Deforestation of the Brazilian Amazon increased by a record 25% year-on-year in the first half of 2020, according to official data released Friday.
Some 3,069 square kilometers (1,184 square miles) were affected by deforestation, the highest figure since data has been collected beginning in 2015, the country's National Institute for Space Research (INPE) said.
"The pressure is increasing," said Mariana Napolitano, advocacy group WWF-Brasil's head of science.
"The deforestation data by itself shows that we now have a very complicated situation that is out of control in the Amazon."
June, which marks the start of the dry season and fires, also hit a record with 1,034 square kilometers of deforestation, an increase of nearly 11%.
Brazil has been criticized by a number of countries and environmental groups over large-scale deforestation and fires that ravage the world's largest rainforest during the dry season.
President Jair Bolsonaro, a climate change skeptic, has facilitated farming and mining projects on protected land and indigenous reserves.
"It's not true that we're destroying the jungle to produce food," he said, also denying that Brazil was dismantling the state's environmental protection structure.
Brazil’s government on Thursday proposed that global asset-managers adopt protected areas in the Amazon rainforest in order to curb illegal deforestation ahead of the season farmers traditionally use fire to clear land and brush.
Vice President Hamilton Mourao, who heads the government’s council on the Amazon region, held a video call with representatives of investment firms and said he hopes for financial support from them to help environmental protection projects. Last month, a group of investment firms, mainly European, sent a letter expressing concern over rising deforestation and demanded forceful action against illegal activities in the Amazon. The 34 firms that have now signed the initiative have a total of $4.6 trillion in assets under their control.
"The Adopt a Park program will permit each of these national and foreign companies to choose one of the 132 conservation units in the Amazon and start financially supporting them, for monitoring, prevention and recovery,” environment minister Ricardo Salles said in a press conference in Brasilia after the virtual meeting. The funding, for example, could pay for security to prevent people from entering the areas.
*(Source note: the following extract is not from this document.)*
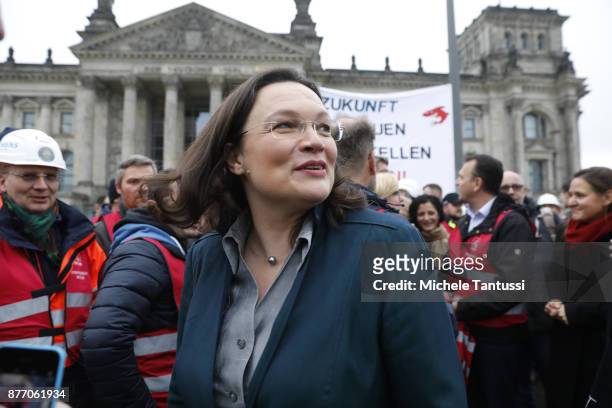 Andrea Nahles chief of the Bundestag social democrats SPD fraction attends a spontaneous protest of Siemens Workers outside the Bundestag on November...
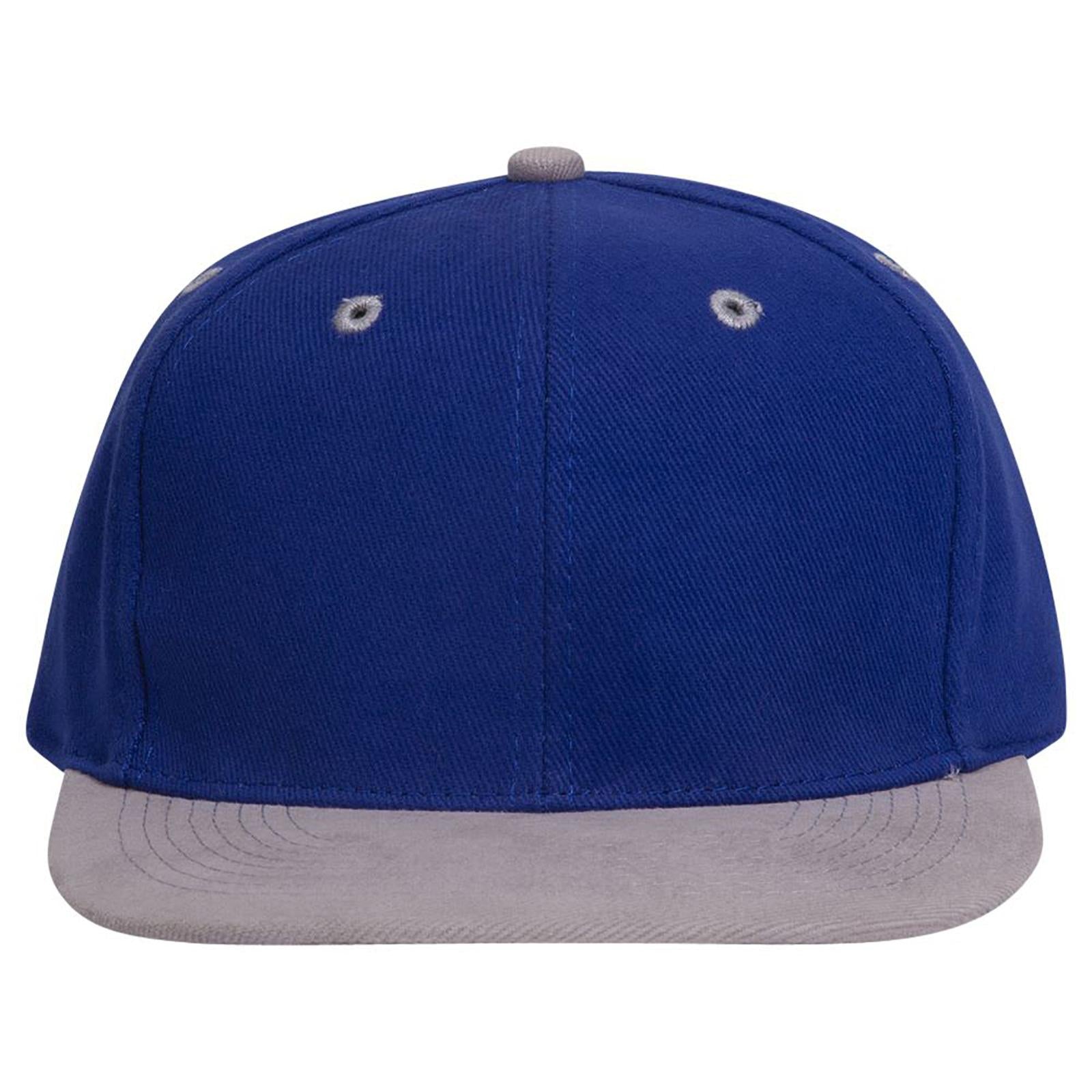 Front View of 1401 - Gry/Ryl OTTO CAP 6 Panel Mid Profile Baseball Cap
Bolsonaro took office in 2019 with pledges to unlock the riches of the vast Amazon and has repeatedly opposed large territories being reserved for indigenous peoples. His government faced international criticism last year when deforestation in the Amazon reached its worst level in 11 years. As a result, some members of European legislatures have said they would vote against ratification of a free-trade deal between the European Union and the Mercosur customs union that includes Brazil, which was signed in June 2019 after two decades of negotiation.
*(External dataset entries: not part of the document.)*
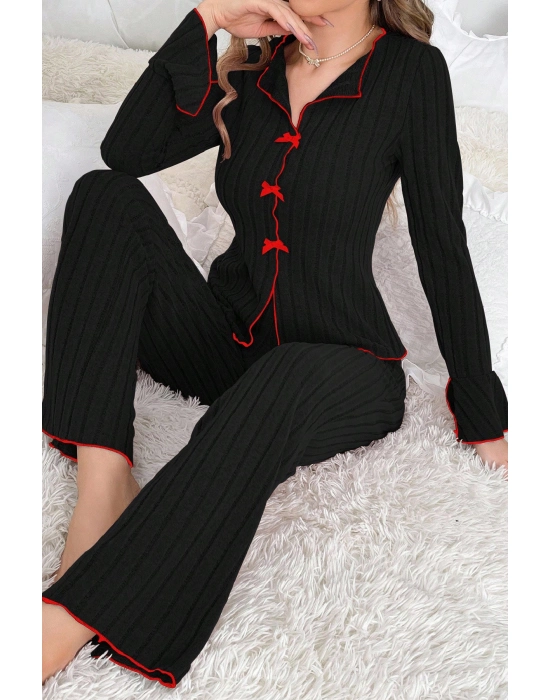 Kadın Siyah Kırmızı Biyeli Ve Fiyonklu Uzun Kollu Mevsimlik Pijama Takımı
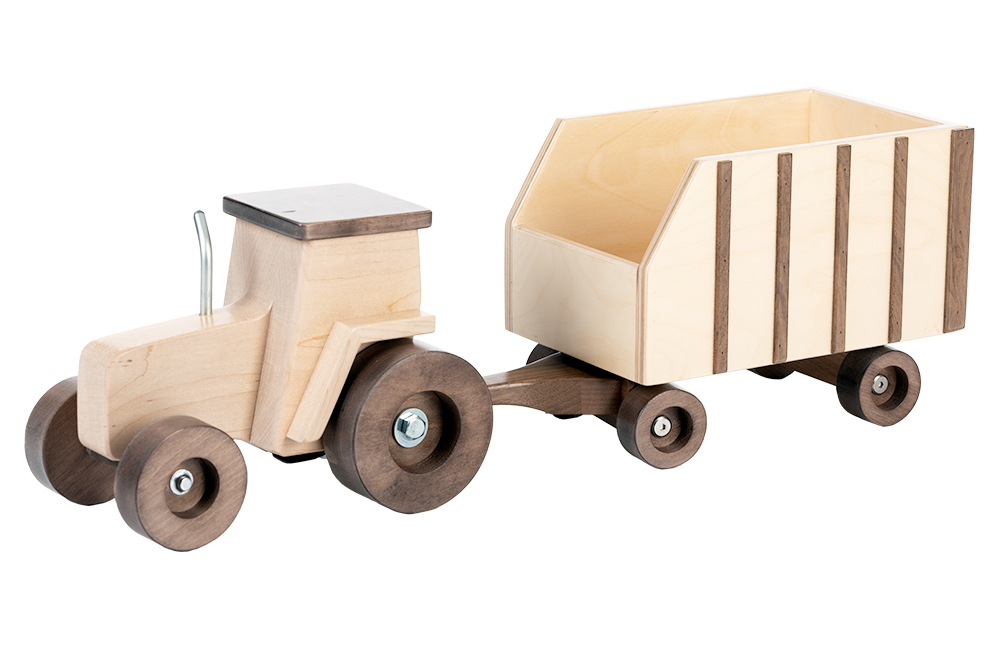 American Made Wooden Toy Tractor - Walnut/Maple Wood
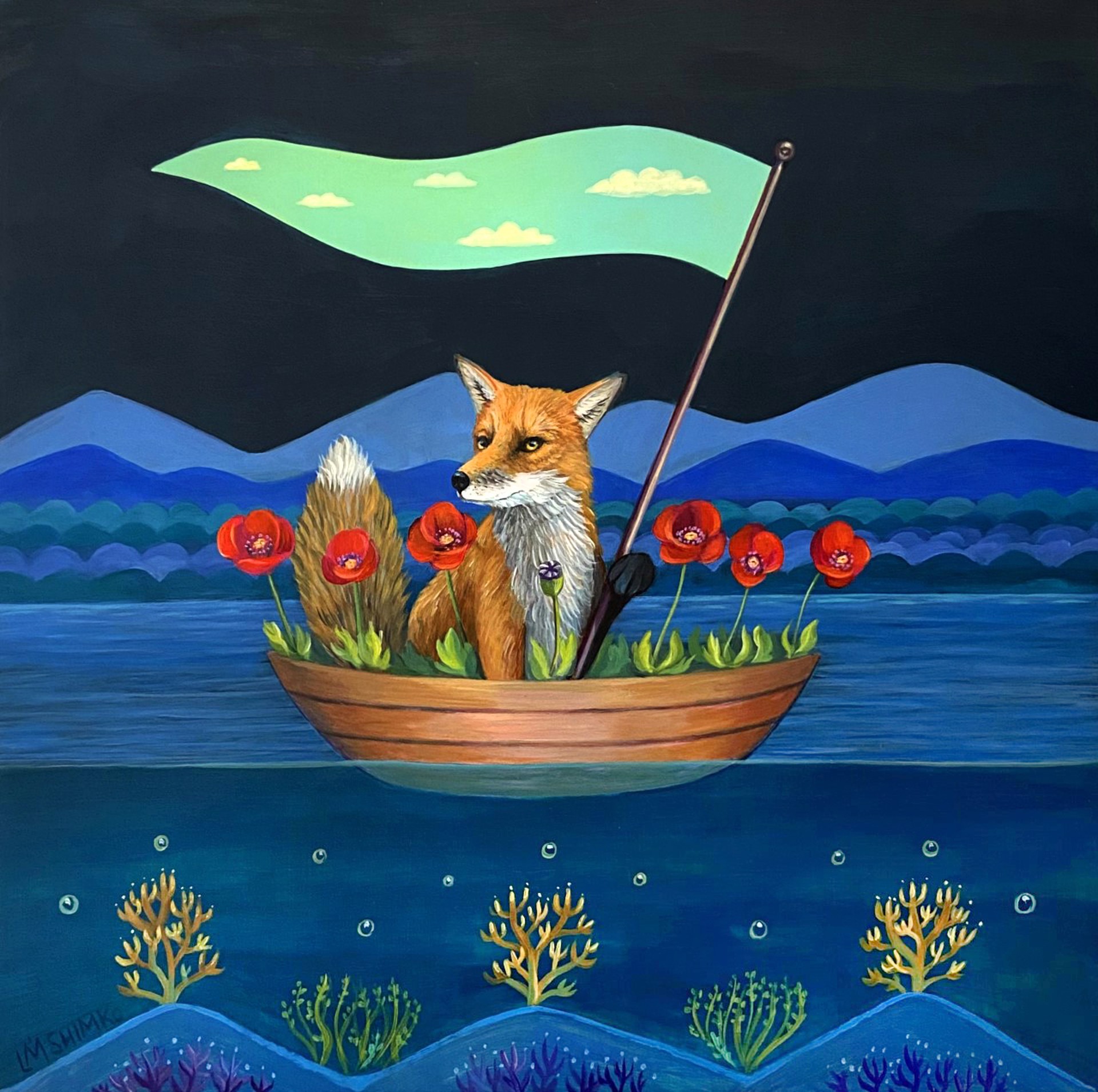 Ballast Fox Sky Flag by Lisa Shimko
In the video call on Thursday, investors told Brazilian authorities they are monitoring deforestation rates, the prevention of forest fires and enforcement of Brazil’s forest code, among other issues important for their assessments, according to a statement from Storebrand, one of the financial institutions at the meeting.
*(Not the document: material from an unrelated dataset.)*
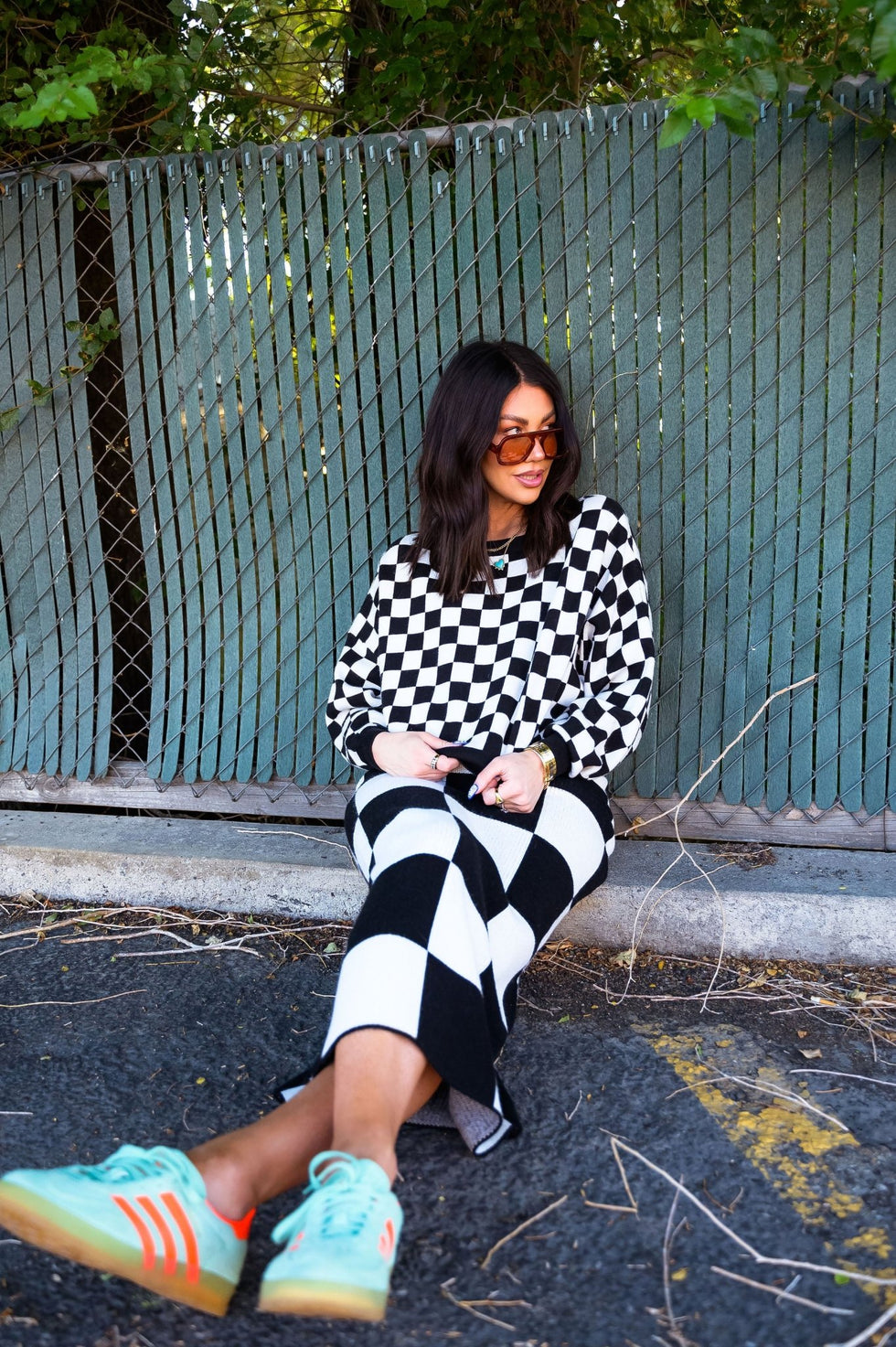 Retrograde Boxy Mod Knit in Checkerboard Dressed in Lala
"We are evaluating and having a dialogue with the government is a way to try to minimize the risk of divesting,” Jeanett Bergan, head of responsible investments for Norway’s largest pension fund, KLP, said by phone from Norway. "We hope the dialogue can bring forward positive results and progress, we won’t see the same as last year with all the forest fires, and maybe see positive results coming out of this after a while. It’s a positive first step, and we need to continue the dialogue, and hopefully, we’ll all see some results on the ground.”
Bergan added that KLP’s participation in any Brazilian program would require more details and information.
KLP has about $53 million invested in 58 Brazilian companies. It has already divested from Brazilian meatpacker JBS, mining giant Vale and power company Eletrobras for reasons related to either corruption, the environment or human rights.
"A voluntary policy of people adopting a park is good, but there needs to be a plan for conservation, with a budget and investment,” said Paulo Barreto, a forest engineer and deforestation researcher at environmental group Imazon. "There needs to be a clearer general policy that entails resources for those public areas. Of course, voluntary donations from people and companies are welcome, but there needs to be a more general plan.”
Brazil already receives money from wealthy nations, namely Germany and Norway, to fight deforestation in the Amazon. Norway alone has donated $1.2 billion to Brazil’s Amazon Fund since its creation in 2008. Both European nations, however, suspended contributions last year, citing continued deforestation and questioning whether the government wants to stop it.
Foreign affairs minister Ernesto Araujo said the government is trying to improve the nation’s image as a responsible environmental steward. Brazil’s government announced Thursday it has started conversations with Germany and Norway to restart cooperation to protect the Amazon.
The government’s understanding, Mourao said, is that the two main donors to the Amazon Fund want to see deforestation dropping before resuming contributions.
"We will gradually corner those who commit crimes so that deforestation is reduced to an acceptable amount,” he said.